EXERCISE GOAL: Restate, word for word, each entry that follows, but skip its pictures.

SOURCE RECORDS:
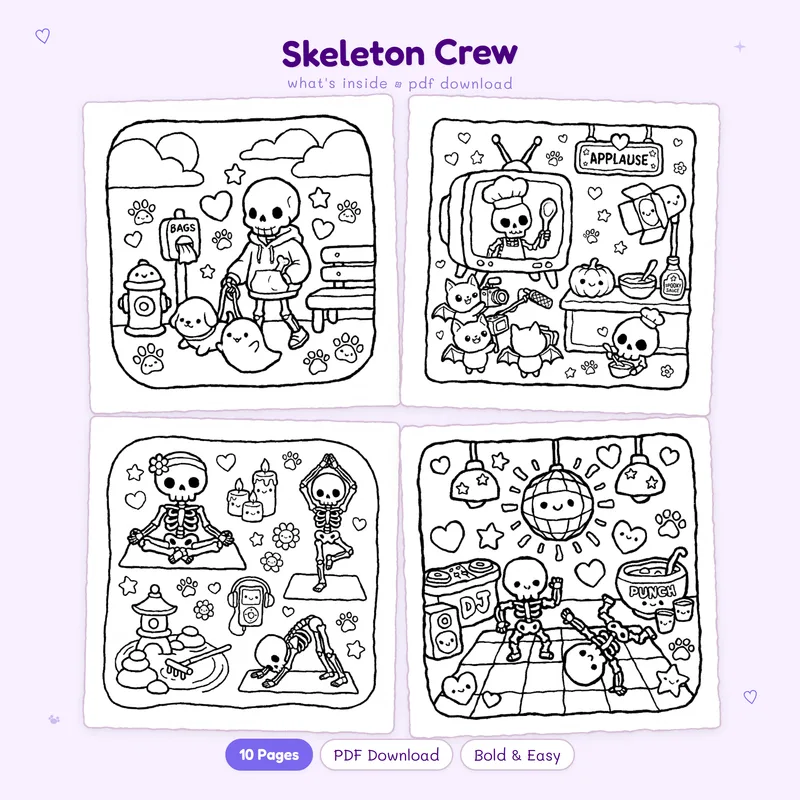 Four sample black and white Skeleton Crew coloring pages in a grid showing cute characters and spooky scenes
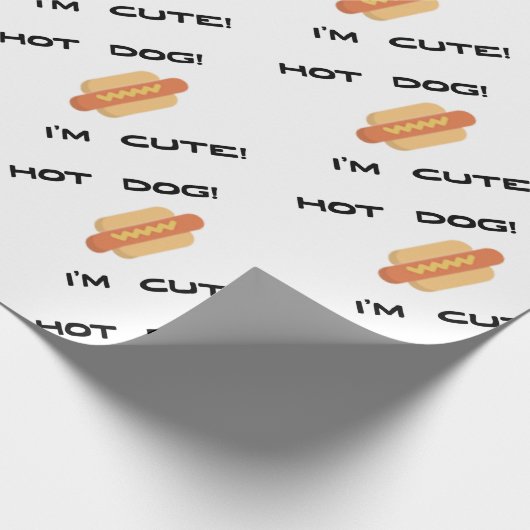 Hot Dog Ich bin Niedlich Geschenkpapier (Ecke)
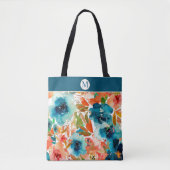 Blue Roos Autumn Floral Monogram Draagtas (Voorkant)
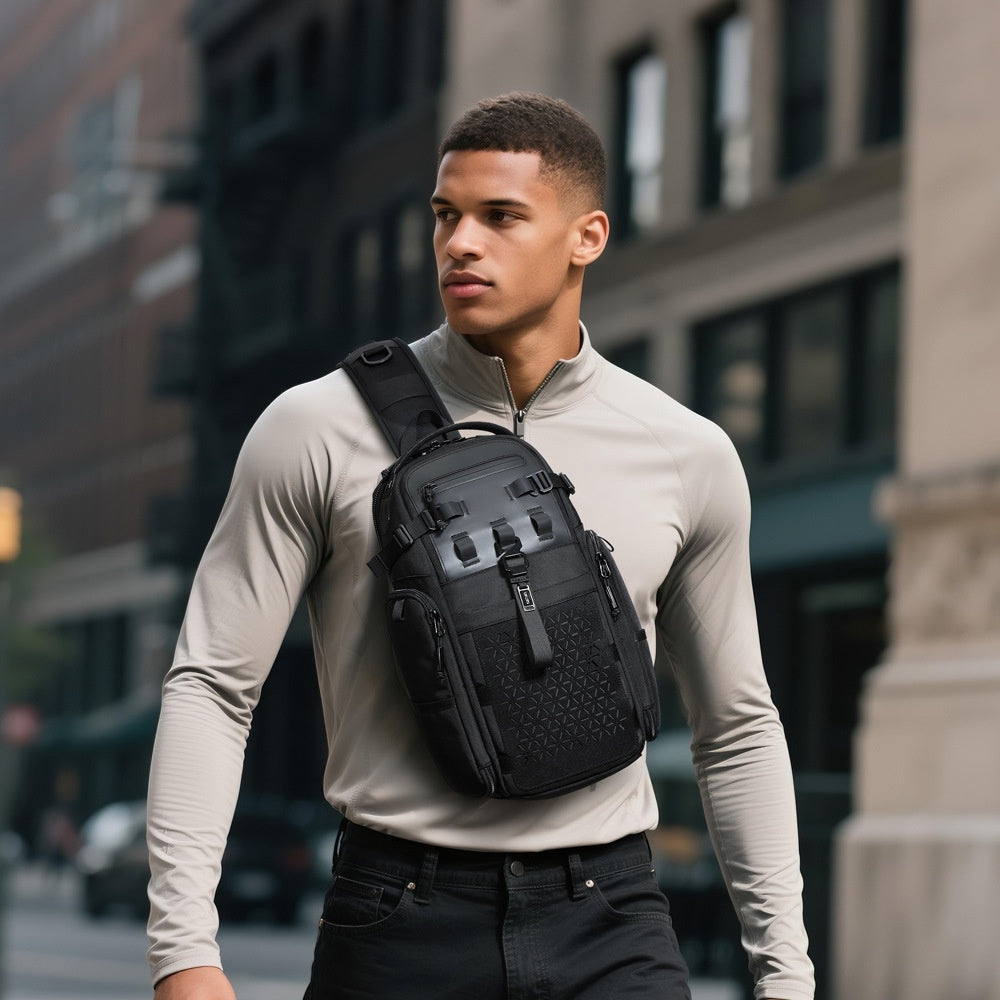 OZUKO 9844 Tactical Chest Bag Waterproof Oxford Cloth Geometric Design Crossbody Bag for Outdoor Sports
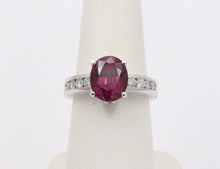 Load image into Gallery viewer, Large Cocktail Rhodolite Garnet Diamonds 14K White Gold Ring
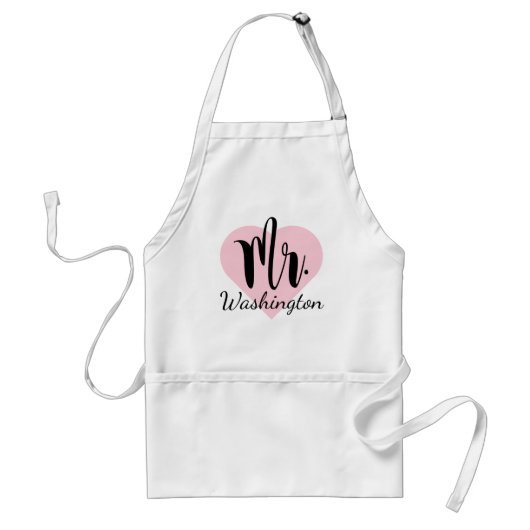 Romantisch Mr Roze Hart Calligrafie Monogram Standaard Schort (Voorkant)
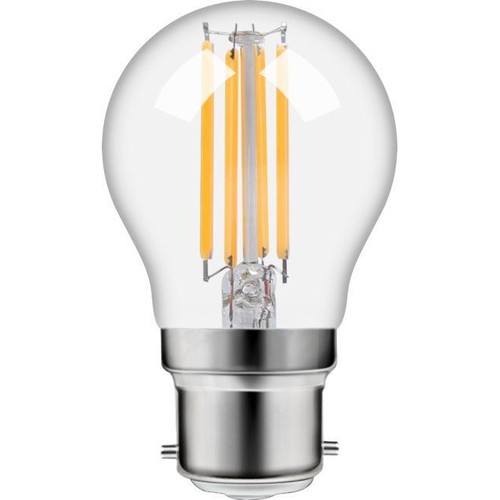 B22d 4,7W dimbare LED kogellamp - G45, filament, 470lm, 2500K, helder glas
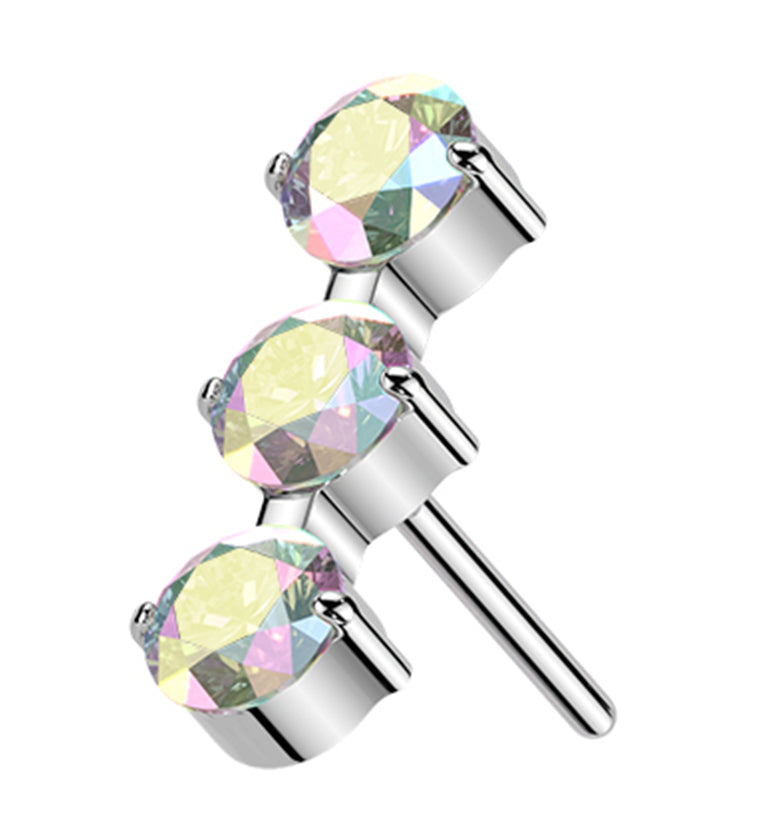 Threefold Rainbow Aurora CZ Titanium Threadless Top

OUTPUT FOR THIS EXERCISE:
 Four sample black and white Skeleton Crew coloring pages in a grid showing cute characters and spooky scenes
 Hot Dog Ich bin Niedlich Geschenkpapier (Ecke)
 Blue Roos Autumn Floral Monogram Draagtas (Voorkant)
 OZUKO 9844 Tactical Chest Bag Waterproof Oxford Cloth Geometric Design Crossbody Bag for Outdoor Sports
 Load image into Gallery viewer, Large Cocktail Rhodolite Garnet Diamonds 14K White Gold Ring
 Romantisch Mr Roze Hart Calligrafie Monogram Standaard Schort (Voorkant)
 B22d 4,7W dimbare LED kogellamp - G45, filament, 470lm, 2500K, helder glas
 Threefold Rainbow Aurora CZ Titanium Threadless Top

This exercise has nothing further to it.